Le dispositif prévu doit encore être finalisé d'ici fin novembre mais on en connaît les grandes lignes. L'idée serait une structure spéciale adossée au Fonds monétaire international "pour rassurer les pays émergents et autres investisseurs, décrypte une source proche du dossier".

Dans le détail, un "véhicule" financier lié à une fondation ou compte administratif auprès du FMI, pour bénéficier des compétences et de la gouvernance de l'institution de Washington. Le FMI est prêt à apporter son soutien de cette manière, mais ne mettra pas d'argent.

Les premières critiques, venues essentiellement de la gauche française, se sont focalisées sur les risques, financiers mais aussi symboliques, de cette main tendue à des pays non-européens. Il y a encore quelque mois, les offres de Pékin pour aider la Grèce ou le Portugal avaient en effet provoqué des froncements de sourcils.

"Peut-on imaginer que si la Chine, par ce biais, venait au secours de la zone euro, elle le ferait sans aucune contrepartie?", a interrogé le candidat socialiste à la présidentielle François Hollande.

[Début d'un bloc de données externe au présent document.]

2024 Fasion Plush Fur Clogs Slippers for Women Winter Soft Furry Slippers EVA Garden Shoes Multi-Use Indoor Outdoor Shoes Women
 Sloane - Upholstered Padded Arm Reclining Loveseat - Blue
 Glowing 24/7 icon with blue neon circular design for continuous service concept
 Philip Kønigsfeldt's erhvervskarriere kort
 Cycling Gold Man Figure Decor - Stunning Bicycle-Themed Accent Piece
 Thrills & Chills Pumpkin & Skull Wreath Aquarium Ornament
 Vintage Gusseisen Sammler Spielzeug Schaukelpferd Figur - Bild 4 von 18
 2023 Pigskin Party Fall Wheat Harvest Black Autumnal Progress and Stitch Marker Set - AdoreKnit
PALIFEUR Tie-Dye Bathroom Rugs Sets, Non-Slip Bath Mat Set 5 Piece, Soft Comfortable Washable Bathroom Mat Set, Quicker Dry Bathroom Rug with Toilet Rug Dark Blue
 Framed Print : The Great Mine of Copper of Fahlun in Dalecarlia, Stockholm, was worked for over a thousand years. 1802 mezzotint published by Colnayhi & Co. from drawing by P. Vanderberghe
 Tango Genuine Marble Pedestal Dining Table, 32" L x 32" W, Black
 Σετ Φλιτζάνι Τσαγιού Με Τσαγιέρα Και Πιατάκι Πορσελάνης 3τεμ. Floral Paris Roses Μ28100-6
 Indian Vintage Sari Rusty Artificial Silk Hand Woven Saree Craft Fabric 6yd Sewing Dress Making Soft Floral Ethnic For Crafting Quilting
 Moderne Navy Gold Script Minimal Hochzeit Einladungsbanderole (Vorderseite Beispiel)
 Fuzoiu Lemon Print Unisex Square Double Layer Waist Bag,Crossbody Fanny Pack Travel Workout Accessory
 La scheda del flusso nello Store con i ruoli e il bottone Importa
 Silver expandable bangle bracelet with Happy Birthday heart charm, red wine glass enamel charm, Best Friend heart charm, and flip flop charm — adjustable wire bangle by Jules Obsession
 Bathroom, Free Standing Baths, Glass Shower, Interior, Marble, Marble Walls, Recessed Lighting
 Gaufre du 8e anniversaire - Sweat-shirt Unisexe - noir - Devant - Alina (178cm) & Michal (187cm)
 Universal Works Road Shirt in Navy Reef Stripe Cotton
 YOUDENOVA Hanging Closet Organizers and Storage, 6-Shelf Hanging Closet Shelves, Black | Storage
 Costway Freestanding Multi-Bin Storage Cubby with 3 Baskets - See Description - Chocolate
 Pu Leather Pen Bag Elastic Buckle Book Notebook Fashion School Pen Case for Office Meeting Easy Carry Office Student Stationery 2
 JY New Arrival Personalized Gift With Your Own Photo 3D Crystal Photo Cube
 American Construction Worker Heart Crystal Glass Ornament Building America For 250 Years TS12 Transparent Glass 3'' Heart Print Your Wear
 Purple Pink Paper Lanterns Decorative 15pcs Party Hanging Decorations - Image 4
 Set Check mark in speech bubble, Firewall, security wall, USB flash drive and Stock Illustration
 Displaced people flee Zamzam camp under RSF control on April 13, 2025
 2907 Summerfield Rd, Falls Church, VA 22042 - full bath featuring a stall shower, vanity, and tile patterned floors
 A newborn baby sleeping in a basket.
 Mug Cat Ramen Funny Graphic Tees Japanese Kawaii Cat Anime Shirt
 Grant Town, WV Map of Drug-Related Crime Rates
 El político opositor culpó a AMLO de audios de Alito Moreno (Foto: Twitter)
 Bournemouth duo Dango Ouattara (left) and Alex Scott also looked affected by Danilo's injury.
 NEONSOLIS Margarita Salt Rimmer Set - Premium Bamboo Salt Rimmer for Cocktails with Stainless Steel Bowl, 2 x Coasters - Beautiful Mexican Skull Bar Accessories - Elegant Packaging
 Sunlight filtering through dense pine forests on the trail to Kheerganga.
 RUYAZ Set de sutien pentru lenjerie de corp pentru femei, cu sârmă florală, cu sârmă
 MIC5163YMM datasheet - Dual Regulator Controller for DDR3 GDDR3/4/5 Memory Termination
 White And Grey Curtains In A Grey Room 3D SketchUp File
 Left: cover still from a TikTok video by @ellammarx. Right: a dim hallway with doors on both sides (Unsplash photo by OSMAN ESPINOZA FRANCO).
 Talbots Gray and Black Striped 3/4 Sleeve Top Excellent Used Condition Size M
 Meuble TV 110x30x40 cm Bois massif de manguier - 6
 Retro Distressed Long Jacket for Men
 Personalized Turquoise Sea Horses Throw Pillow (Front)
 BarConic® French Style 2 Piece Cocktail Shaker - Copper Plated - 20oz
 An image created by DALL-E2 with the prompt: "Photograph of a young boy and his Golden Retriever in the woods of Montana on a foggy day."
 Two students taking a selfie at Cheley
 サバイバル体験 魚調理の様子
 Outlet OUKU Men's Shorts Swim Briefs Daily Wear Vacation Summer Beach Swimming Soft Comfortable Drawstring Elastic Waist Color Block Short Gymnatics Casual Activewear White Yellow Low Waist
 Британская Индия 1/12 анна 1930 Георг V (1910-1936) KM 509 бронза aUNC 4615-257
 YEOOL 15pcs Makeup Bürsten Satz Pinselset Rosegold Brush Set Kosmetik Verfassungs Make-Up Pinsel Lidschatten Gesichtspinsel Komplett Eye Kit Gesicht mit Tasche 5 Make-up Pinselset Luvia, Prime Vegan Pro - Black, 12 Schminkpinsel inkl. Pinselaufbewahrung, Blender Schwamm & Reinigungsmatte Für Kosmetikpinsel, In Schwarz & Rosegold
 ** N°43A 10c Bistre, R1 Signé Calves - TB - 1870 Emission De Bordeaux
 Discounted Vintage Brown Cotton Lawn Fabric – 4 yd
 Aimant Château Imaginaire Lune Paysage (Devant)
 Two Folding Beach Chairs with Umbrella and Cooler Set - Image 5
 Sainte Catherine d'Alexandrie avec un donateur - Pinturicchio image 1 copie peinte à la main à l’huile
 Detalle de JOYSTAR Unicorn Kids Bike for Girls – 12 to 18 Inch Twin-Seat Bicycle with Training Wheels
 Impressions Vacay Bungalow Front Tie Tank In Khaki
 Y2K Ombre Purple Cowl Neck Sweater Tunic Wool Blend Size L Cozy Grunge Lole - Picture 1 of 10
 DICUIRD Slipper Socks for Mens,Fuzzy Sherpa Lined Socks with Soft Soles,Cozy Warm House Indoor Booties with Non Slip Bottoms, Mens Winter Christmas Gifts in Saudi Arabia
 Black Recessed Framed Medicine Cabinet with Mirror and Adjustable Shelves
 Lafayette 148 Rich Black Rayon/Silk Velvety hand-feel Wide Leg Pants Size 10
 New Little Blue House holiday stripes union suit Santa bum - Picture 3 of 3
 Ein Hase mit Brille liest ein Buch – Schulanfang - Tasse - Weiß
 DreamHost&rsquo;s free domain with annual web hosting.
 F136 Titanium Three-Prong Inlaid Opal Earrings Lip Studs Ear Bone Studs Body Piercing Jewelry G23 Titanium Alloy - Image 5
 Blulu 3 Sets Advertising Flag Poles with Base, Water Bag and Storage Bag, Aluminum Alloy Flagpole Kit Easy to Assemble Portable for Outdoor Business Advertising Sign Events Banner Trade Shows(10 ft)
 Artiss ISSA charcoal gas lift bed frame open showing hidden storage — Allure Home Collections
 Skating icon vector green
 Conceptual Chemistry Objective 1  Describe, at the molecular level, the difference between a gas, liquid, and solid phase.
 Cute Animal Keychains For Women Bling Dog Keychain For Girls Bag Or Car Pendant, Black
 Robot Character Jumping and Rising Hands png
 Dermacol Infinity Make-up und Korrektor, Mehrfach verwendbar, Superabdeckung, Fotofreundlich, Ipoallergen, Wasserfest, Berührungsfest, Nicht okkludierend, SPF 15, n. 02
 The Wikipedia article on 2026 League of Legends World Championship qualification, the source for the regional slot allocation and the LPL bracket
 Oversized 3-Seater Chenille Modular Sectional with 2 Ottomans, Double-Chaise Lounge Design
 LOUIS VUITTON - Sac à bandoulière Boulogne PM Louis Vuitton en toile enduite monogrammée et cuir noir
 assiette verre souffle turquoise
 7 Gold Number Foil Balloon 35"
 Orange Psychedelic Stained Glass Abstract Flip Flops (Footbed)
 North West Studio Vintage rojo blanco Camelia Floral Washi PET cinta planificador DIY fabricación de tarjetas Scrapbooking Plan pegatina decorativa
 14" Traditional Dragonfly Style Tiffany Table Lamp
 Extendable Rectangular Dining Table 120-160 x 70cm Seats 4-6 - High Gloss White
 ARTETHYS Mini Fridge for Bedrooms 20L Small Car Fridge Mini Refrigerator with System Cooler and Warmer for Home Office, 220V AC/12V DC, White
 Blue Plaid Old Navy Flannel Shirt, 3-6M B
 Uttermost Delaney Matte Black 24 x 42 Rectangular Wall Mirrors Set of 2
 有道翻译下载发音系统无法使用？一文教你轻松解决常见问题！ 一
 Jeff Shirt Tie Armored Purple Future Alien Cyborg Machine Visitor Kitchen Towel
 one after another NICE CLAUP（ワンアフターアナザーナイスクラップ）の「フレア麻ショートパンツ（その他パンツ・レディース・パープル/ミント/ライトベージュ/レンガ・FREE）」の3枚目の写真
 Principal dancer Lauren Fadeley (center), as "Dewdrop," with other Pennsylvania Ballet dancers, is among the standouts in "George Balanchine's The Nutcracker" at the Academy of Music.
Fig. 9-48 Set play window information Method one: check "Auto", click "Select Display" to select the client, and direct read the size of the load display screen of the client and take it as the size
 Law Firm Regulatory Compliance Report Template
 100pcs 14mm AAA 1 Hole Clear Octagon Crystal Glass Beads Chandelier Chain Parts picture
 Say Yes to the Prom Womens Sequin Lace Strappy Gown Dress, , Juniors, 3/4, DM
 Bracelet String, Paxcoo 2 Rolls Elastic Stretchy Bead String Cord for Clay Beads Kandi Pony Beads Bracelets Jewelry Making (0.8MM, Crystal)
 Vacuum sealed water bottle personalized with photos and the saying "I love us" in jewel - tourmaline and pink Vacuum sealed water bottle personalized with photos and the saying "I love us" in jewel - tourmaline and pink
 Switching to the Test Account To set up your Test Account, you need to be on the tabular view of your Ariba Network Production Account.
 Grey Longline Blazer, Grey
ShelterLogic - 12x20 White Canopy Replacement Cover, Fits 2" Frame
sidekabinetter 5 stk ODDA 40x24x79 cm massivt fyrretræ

"C'est se mettre en situation de faiblesse par rapport à un pays vis-à-vis duquel il aurait fallu être en situation de force. Cet aspect-là de l'accord n'est pas sans conséquence pour l'avenir", a averti l'un de ses proches, le député Michel Sapin.

Pour le député écologiste européen Daniel Cohn-Bendit, il s'agit d'une "aberration chinoise" pour qui "on a choisi de se livrer pieds et poings liés aux pays émergents".

"Vous ne pouvez pas débattre d'une protection contre la mondialisation sociale et environnementale et demander à ceux avec qui vous allez négocier cette protection de payer votre crise financière", a-t-il jugé.

L'apport de Pékin ne serait pas sans précédent puisque les Chinois détiennent déjà plus de 500 milliards de dollars de dette souveraine européenne, selon des experts français et allemands.

L'aide de la Chine et les autres pays du groupe des Brics (Brésil, Russie, Inde et Afrique du Sud) pourrait être discutée au sommet du G20, qui se tiendra la semaine prochaine à Cannes (France).